▸ What the task requires: Pictures must not appear in your answer. Write out exactly the lines from the one with "Japanese Papier-Mâché Daruma" through the last line of the entries below.

Scraped caption text data
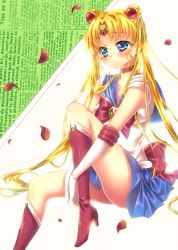 Rule 34 | 1girl, absurdres, bishoujo senshi sailor moon, blonde hair, blue eyes, blue sailor collar, blue skirt, boots, brooch, choker, circlet, double bun, earrings, elbow gloves, french text, gloves, hair ornament, high heel boots, high heels, highres, jewelry, knee boots, hugging own legs, long hair, miniskirt, newspaper, petals, pleated skirt, red footwear, ribbon, sailor collar, sailor moon, skirt, solo, touki matsuri, tsukino usagi, twintails, very long hair, white gloves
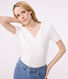 Women's iconic plain short-sleeved rib knit T-shirt
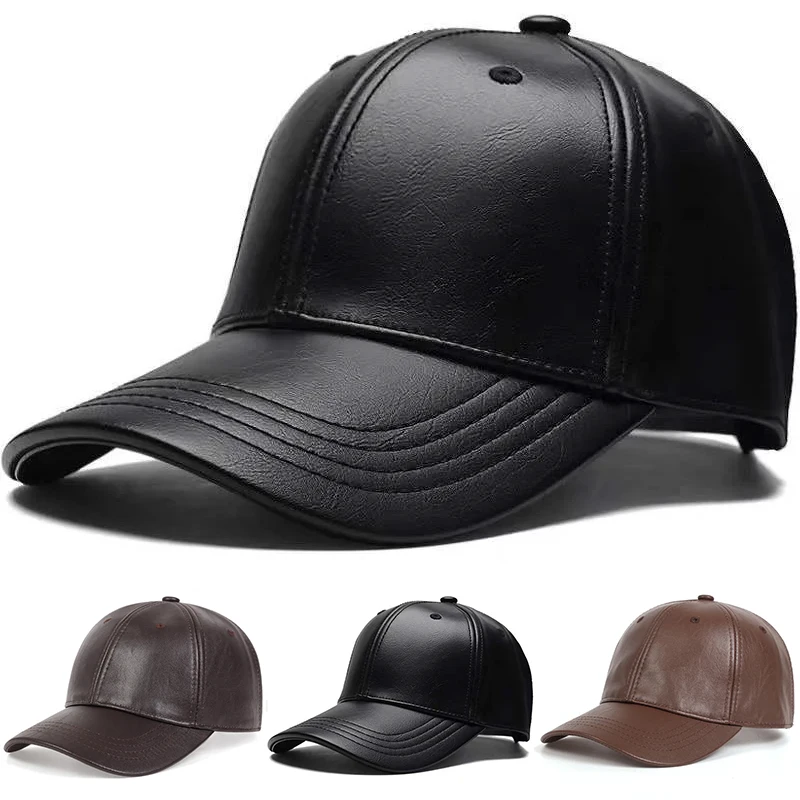 Leather Work Hat - Unisexowa Czapka Bejsbolówka z PU Skóry,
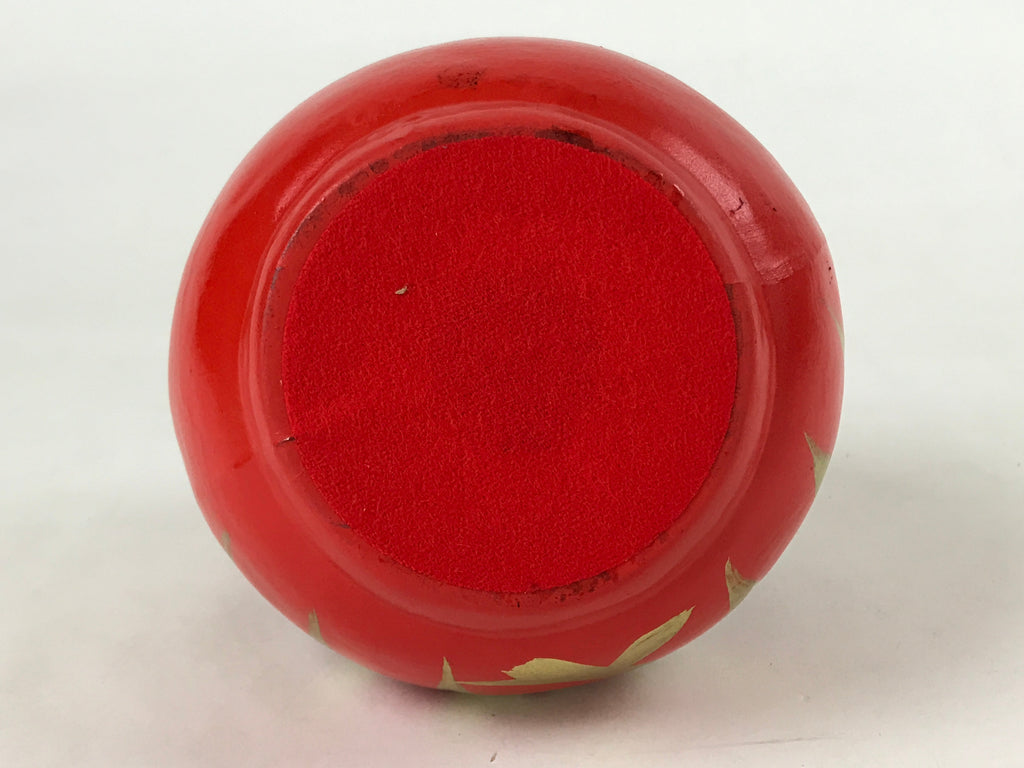 Japanese Papier-Mâché Daruma Figure Vtg Hariko Round Red Lucky Charm BD971
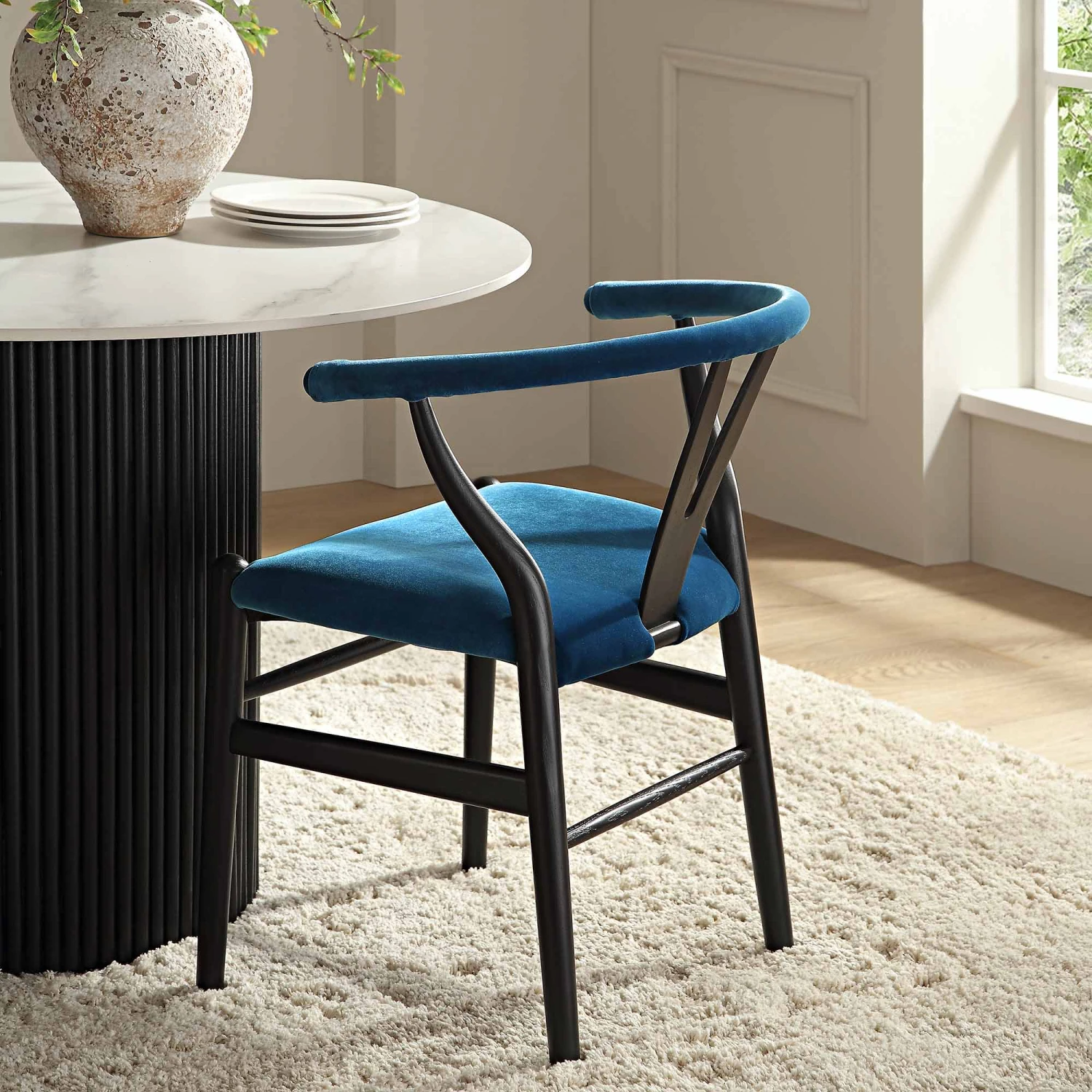 Hansel Upholstered Padded Dining Chair, Blue Velvet And Black Frame 3 Hansel Upholstered Padded Dining Chair, Blue Velvet And Black Frame - Image 3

▸ The answer:
 Japanese Papier-Mâché Daruma Figure Vtg Hariko Round Red Lucky Charm BD971
 Hansel Upholstered Padded Dining Chair, Blue Velvet And Black Frame 3 Hansel Upholstered Padded Dining Chair, Blue Velvet And Black Frame - Image 3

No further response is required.